The forward equation is:

let C[i, j] = sum[k](A[i, k] * B[k, j])

This line already contains most of the backward pass. The coordinate i belongs to rows of A and rows of C. The coordinate j belongs to columns of B and columns of C. The coordinate k is the shared inner coordinate.

Before differentiating anything, read the dependency of one output cell:

C[2, 5] = sum[k](A[2, k] * B[k, 5])

Only row 2 of A and column 5 of B affect this output. That observation is small, but it contains the pullback. If a later loss changes because C[2, 5] changed, that sensitivity can flow backward only to the A[2, k] values and the B[k, 5] values that participated in the sum.

The Design Fork: Jacobian Object or Indexed Rule

One possible design for derivatives is to treat every derivative as a large Jacobian. That is mathematically uniform, and usually the wrong object to compute. The useful computation is almost never the materialized Jacobian; it is the way sensitivities are pulled back through coordinates.
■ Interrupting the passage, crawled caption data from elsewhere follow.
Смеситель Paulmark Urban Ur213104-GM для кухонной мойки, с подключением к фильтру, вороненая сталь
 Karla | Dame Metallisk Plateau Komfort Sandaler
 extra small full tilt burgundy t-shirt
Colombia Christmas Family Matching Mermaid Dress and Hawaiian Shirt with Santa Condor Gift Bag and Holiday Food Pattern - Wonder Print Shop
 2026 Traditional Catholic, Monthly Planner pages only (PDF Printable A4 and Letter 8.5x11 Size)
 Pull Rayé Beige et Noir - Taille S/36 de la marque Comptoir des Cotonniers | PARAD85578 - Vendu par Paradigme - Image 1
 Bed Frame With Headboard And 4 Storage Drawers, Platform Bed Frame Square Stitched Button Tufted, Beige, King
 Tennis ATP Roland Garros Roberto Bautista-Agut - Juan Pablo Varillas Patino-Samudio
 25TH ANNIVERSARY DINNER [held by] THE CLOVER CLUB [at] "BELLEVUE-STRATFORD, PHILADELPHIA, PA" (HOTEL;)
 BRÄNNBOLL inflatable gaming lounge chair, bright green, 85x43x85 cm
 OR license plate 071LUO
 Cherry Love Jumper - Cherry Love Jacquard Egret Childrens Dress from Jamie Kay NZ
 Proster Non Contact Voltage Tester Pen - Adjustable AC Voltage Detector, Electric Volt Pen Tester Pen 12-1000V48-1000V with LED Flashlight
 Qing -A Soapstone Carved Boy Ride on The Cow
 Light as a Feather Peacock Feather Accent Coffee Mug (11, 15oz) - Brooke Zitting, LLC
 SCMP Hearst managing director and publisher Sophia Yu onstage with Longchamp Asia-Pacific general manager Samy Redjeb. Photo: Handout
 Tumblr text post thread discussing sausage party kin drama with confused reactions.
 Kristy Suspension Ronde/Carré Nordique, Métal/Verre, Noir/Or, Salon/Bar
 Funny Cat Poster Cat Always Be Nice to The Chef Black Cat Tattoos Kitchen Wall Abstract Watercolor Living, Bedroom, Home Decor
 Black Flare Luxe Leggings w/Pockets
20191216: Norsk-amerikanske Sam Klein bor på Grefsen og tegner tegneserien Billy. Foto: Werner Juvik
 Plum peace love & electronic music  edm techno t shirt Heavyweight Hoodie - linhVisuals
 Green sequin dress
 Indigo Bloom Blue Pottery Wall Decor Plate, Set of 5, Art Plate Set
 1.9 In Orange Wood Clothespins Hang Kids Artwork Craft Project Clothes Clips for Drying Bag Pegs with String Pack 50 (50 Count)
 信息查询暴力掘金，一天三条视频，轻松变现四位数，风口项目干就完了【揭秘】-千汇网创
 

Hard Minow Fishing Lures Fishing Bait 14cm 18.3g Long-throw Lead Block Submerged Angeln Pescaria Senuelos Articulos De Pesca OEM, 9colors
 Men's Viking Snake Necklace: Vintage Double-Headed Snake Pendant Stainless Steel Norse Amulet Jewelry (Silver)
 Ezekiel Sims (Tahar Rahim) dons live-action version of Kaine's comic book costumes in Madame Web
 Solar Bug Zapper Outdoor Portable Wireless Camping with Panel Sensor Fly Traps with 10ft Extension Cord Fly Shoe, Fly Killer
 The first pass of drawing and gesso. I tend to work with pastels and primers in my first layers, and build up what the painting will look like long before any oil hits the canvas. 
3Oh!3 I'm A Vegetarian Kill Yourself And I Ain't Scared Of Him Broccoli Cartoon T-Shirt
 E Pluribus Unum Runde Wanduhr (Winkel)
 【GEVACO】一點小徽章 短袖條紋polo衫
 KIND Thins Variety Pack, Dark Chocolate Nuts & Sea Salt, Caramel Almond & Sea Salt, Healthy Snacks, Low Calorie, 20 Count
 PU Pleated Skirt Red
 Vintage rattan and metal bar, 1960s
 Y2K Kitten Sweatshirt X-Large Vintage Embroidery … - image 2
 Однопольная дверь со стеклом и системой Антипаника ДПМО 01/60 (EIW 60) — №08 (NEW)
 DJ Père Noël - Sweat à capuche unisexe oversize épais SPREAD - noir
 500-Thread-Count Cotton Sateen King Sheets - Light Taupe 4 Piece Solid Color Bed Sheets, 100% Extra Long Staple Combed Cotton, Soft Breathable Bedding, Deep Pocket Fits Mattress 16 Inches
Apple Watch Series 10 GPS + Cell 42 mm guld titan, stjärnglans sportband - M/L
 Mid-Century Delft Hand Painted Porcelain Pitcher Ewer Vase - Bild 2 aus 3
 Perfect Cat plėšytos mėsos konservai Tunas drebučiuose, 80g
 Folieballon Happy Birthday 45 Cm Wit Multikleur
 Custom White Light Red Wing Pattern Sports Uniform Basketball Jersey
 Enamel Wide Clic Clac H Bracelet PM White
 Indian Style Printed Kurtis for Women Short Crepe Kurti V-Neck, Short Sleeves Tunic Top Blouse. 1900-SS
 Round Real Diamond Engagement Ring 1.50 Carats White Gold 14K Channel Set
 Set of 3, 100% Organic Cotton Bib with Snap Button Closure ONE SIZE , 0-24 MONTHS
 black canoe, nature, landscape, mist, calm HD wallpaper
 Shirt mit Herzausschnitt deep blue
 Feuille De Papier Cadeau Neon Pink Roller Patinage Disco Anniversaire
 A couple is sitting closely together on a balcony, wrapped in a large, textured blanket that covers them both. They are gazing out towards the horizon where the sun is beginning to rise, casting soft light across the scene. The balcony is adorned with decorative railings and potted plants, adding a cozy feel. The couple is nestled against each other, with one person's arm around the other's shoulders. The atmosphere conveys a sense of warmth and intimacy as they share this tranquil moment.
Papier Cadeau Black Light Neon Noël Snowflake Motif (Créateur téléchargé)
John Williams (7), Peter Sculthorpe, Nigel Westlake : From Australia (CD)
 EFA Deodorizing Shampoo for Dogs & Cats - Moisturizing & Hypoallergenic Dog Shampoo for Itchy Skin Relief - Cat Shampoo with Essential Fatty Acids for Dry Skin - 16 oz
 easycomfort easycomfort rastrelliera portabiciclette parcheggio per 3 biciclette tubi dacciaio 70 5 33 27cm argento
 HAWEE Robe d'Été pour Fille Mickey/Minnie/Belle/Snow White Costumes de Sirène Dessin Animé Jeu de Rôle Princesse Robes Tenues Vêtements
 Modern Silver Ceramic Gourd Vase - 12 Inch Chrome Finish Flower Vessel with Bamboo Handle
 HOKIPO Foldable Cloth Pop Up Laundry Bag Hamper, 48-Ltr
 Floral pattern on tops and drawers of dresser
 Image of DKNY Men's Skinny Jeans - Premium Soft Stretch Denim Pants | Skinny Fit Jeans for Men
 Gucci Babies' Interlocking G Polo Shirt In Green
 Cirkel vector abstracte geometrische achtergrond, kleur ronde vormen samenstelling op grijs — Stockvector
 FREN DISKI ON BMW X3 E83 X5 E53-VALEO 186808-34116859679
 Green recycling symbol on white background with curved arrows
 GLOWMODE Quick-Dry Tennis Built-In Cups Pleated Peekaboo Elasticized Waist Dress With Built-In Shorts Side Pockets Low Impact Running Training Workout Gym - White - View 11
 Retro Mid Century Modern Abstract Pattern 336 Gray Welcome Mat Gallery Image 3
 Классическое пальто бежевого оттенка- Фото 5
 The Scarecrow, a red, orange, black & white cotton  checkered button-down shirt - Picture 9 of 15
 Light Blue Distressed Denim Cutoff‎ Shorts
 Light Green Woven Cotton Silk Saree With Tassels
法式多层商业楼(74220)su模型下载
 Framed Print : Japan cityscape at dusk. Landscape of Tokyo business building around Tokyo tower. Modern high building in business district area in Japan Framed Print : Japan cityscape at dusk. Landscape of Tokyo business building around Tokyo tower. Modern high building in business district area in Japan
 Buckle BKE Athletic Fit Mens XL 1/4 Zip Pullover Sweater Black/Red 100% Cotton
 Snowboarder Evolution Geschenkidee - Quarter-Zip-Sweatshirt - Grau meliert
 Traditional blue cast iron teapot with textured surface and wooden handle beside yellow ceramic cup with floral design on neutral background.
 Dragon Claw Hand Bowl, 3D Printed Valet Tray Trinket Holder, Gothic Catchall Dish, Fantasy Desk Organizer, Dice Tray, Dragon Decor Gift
Another design is to keep only high-level derivative rules such as “the gradient of matrix multiplication uses transposes.” That is efficient, but it can make the transpose feel like a spell rather than a consequence.

The indexed rule sits between those extremes. It does not build the giant Jacobian, and it does not ask the reader to accept the transpose rule on faith. It shows which coordinates stay and which are collected.

It is still useful to imagine the full Jacobian once. Each cell C[i, j] would have a derivative with respect to each cell A[p, q]. Most of those entries are zero, because C[i, j] only reads row i of A. The indexed pullback is the sparse story without ever materializing the sparse object.

Suppose a scalar loss depends on C, and let G[i, j] be the sensitivity @loss / @C[i, j]. What shape should @loss / @A have? It must have the shape of A, so its coordinates are [i, k].

The only missing coordinate from the output sensitivity is j, so j must be collected:

let dA[i, k] = sum[j](G[i, j] * B[k, j])

Likewise, @loss / @B has coordinates [k, j], so i must be collected:

let dB[k, j] = sum[i](A[i, k] * G[i, j])

The Pattern

This is not a coincidence. The derivative with respect to a value keeps the coordinates of that value. Any output coordinate that helped carry sensitivity but is not part of the requested value becomes local to a reduction.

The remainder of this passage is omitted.